The objective behind this is to encourage Italian taxpayers to file their annual statements mentioning therein crypto spending and profits earned.

Present Taxation Setup

Under the existing taxation setup in Italy, cryptocurrencies are regarded as ‘foreign currency. Resultantly, a very small percentage of tax is collected from the taxpayers in respect of their foreign currency holdings.

The draft proposal, which is still under debate and consideration by the Italian Parliament, may be subject to various modifications.

However, the law does put on obligations such as crypto disclosures upon the taxpayers. In addition, the law also proposes charging stamp duties on digital currencies.

As per the data provided by ‘Triple A’, around 2.3% or roughly 1.3 million of Italy’s population are crypto owners.

While Italy’s neighboring countries like UK and France are ahead of Italy with a percentage of 5% and 3.3% respectively.

Italian Premier’s Crypto Stance

Meloni has been the first woman who had been elected as the country’s Prime Minister. She has been a member of the political party namely ‘Brothers of Italy’.

Prior to taking over the charge of Italy’s premier, Meloni ran a campaign in which she had advocated for lesser taxes. However, she had always been stricter when it comes to digital currencies and assets.

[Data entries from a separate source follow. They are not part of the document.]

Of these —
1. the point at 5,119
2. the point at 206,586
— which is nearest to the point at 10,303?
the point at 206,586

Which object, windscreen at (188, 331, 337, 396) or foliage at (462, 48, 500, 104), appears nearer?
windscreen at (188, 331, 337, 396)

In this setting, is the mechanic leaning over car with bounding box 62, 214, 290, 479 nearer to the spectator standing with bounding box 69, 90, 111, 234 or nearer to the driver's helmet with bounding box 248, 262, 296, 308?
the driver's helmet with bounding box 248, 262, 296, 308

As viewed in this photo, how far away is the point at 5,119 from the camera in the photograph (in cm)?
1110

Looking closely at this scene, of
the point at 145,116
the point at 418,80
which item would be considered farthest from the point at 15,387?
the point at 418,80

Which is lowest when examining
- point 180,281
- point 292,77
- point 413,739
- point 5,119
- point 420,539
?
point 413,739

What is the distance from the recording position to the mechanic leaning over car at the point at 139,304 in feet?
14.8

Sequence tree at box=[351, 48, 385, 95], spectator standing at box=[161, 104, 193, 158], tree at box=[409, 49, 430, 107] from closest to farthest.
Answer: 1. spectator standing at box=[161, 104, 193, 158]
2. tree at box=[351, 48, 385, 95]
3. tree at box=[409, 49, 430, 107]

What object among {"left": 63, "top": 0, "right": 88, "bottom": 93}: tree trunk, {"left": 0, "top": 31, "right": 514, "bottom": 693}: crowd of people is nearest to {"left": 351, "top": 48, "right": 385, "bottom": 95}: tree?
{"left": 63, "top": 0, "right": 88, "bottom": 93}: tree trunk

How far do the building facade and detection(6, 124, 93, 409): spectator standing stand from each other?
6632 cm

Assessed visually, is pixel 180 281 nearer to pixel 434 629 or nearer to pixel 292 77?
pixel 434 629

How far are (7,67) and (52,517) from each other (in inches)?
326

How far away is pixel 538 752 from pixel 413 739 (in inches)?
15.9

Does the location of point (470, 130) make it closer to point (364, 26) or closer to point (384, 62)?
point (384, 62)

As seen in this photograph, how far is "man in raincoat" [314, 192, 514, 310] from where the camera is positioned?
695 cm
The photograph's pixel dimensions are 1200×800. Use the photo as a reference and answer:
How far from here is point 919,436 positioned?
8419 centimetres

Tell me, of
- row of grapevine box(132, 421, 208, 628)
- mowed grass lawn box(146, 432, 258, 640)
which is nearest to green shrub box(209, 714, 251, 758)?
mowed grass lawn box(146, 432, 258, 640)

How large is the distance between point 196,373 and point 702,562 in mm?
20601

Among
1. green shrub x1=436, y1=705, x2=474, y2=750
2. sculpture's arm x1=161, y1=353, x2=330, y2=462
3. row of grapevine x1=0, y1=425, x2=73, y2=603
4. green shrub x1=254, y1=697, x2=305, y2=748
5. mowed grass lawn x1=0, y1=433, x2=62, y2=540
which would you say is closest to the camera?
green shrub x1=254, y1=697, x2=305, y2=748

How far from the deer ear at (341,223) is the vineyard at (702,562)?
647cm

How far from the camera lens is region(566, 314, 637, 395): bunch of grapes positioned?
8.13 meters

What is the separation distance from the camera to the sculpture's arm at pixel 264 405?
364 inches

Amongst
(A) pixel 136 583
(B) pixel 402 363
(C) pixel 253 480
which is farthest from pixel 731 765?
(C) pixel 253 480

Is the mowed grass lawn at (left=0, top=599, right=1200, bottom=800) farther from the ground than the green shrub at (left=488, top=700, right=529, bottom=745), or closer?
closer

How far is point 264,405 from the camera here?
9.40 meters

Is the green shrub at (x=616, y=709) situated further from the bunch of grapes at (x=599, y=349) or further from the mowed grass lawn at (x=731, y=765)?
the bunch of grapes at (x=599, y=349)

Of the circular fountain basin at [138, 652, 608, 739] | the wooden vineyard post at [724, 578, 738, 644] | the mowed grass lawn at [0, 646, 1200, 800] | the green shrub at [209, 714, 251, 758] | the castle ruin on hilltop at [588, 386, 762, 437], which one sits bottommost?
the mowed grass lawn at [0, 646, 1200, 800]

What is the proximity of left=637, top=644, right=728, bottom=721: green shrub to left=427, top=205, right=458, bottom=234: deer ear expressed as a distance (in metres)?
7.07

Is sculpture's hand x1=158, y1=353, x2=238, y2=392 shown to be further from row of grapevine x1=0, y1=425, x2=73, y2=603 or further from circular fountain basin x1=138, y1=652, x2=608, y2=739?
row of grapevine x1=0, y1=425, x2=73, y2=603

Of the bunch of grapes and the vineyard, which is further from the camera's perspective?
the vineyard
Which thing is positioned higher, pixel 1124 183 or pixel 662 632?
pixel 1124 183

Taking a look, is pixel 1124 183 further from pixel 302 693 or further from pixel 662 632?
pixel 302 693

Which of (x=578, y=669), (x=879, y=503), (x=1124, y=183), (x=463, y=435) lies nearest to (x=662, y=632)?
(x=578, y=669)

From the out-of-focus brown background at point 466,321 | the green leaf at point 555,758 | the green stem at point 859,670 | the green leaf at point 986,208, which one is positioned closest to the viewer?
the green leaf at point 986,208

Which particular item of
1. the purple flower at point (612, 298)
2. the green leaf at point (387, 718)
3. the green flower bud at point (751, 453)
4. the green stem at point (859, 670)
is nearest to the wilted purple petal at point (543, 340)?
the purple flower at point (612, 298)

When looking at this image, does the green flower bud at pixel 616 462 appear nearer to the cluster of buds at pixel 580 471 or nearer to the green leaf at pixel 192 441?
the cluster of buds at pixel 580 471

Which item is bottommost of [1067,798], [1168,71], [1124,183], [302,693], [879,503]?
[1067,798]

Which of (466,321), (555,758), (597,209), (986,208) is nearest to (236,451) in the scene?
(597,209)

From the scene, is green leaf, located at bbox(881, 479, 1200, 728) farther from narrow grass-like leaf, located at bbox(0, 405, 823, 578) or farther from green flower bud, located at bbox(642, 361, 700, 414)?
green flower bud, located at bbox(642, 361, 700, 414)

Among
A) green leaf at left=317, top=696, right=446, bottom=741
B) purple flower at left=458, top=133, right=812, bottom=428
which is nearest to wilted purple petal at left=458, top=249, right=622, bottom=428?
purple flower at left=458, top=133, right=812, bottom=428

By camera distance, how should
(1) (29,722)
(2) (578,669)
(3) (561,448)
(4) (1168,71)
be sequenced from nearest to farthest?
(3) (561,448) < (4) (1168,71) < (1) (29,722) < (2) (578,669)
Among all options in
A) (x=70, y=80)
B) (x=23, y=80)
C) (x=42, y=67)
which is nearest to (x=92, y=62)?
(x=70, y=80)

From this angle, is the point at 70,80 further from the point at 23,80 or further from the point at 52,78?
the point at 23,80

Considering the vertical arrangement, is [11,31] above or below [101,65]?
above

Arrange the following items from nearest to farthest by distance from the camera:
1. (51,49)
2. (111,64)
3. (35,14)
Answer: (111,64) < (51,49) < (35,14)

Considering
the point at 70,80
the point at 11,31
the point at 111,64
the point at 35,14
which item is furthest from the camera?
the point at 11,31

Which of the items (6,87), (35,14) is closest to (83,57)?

However, it seems that she had been influenced by one of the key member states of the region namely Portugal.

Portugal is known for being one of the most crypto-friendly states in the world. Yet the Portuguese Government had recently implemented a short-term crypto gain levy @ 28% which shall be collected in 2023.

Crypto Industry Crisis

One of the major reasons why in various jurisdictions crypto regulations are tightening could be the bankruptcy surge in the crypto industry.

FTX is going to collapse in a few days. Though FTX had been one of the world’s biggest crypto trading platforms yet the financial implications took over the firm.

Since then, the entire cryptocurrency industry has faced one crash after another. The FTX collapse has triggered a contagion, which does not seem to be coming to an end any time soon.

Almost every week, a cryptocurrency firm once linked with FTX is filing bankruptcy or pausing their withdrawal access for the users.

Nowadays, a platform halting its withdrawal service means that it is facing a financial crisis due to its connection with the FTX exchange.

Consequently, worldwide governments are concerned about their citizens putting their stakes into digital currencies.